Last week, after Zia Chishti filed a defamation lawsuit against the woman whose wrenching Congressional testimony about alleged sexual abuse cost Chishti his job as CEO of the unicorn AI firm Afiniti, Chishti explained himself by saying that “at this stage, I have nothing to lose.”
He may have spoken too soon.
On Saturday, a day after this column reported on the formerly high-flying Washington business figure’s unusual legal move against an ex-employee who testified under oath, the House Judiciary Committee entered a sharply critical 2019 arbitration tribunal ruling about Chishti’s workplace behavior into the Congressional Record — instantaneously turning the heretofore secret report into a publicly-available document.

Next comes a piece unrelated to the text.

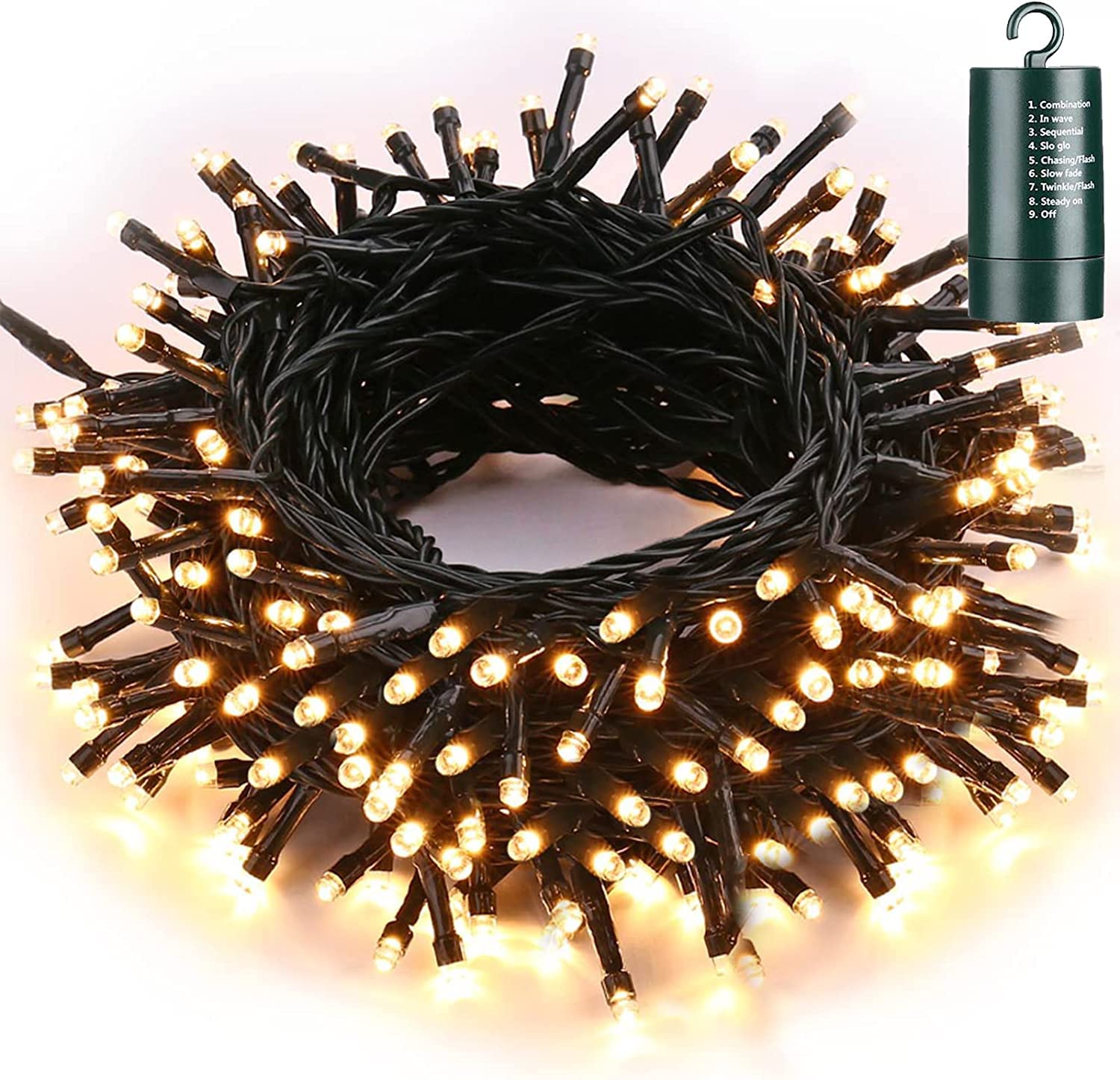 Qedertek Lighting Lichterkette 20m 200 LED warmweiß Batterie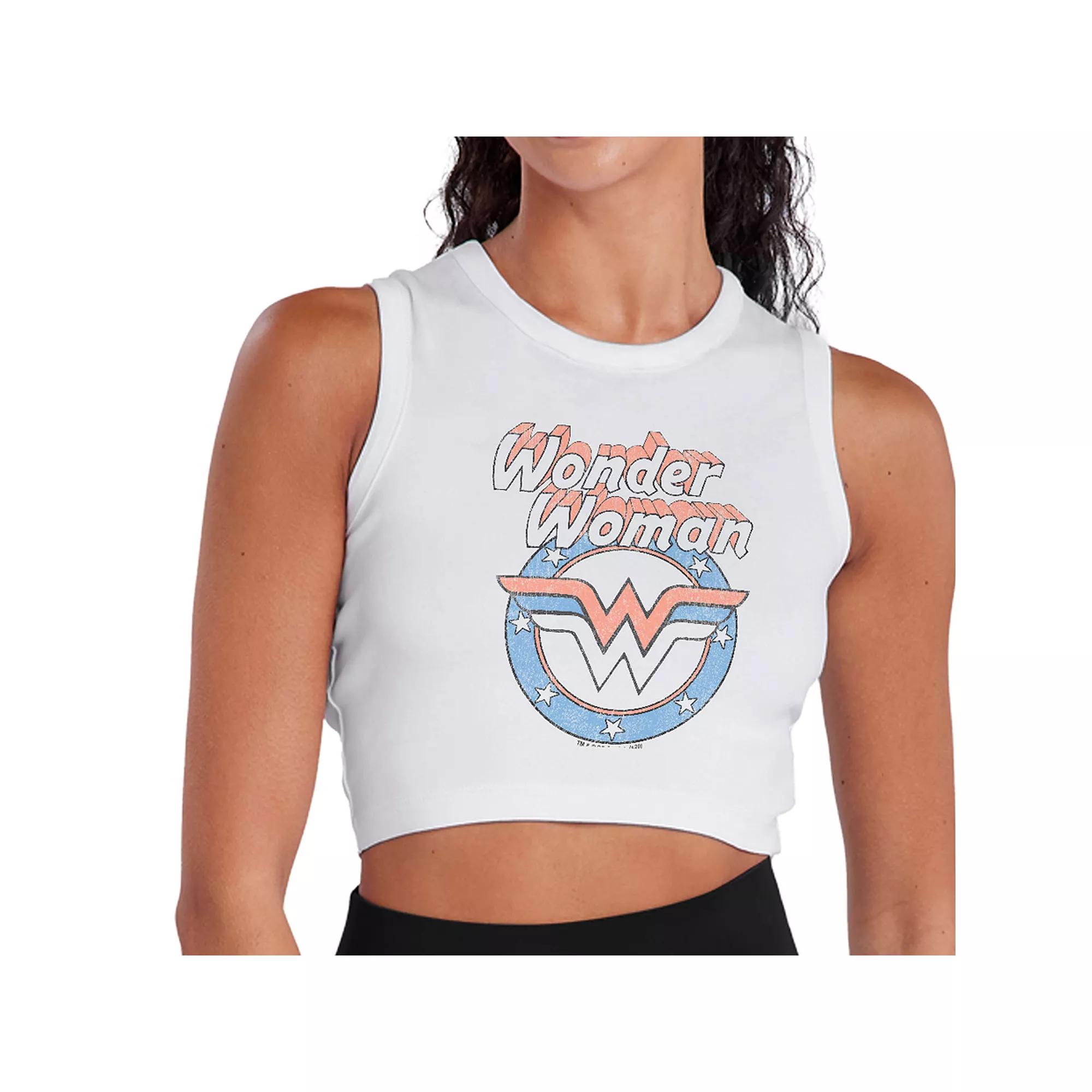 Juniors' DC Comics Wonder Woman Faded Icon Cropped Graphic Tank, Girl's,  Product Image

The release, quietly added to the record of an unrelated hearing on a late-December weekend afternoon, amounts to a tidy Washington-procedural way of saying: Don’t mess with our witness.
As it happens, the document appears utterly devastating for Chishti, a man who not long ago operated from an office a block from the White House and was able to attract politics and government A-listers like former British Prime Minister David Cameron, former French Prime Minister François Fillon and former U.S. Joint Chiefs of Staff Chairman Michael Mullen to Afiniti’s advisory board.
Though Chishti’s federal lawsuit alleges that former Afiniti staffer Tatiana Spottiswoode had “weaponized” a “consensual love affair” by “deliberately lying and misleading Congress under oath,” the report by independent arbitrator Ronald G. Birch reached the opposite conclusion, declaring that Chishti, now 51, had repeatedly sexually harassed an employee half his age, groped her in front of colleagues, insulted her for rejecting advances, brutally beaten her during a business-trip sexual encounter, and lied about it.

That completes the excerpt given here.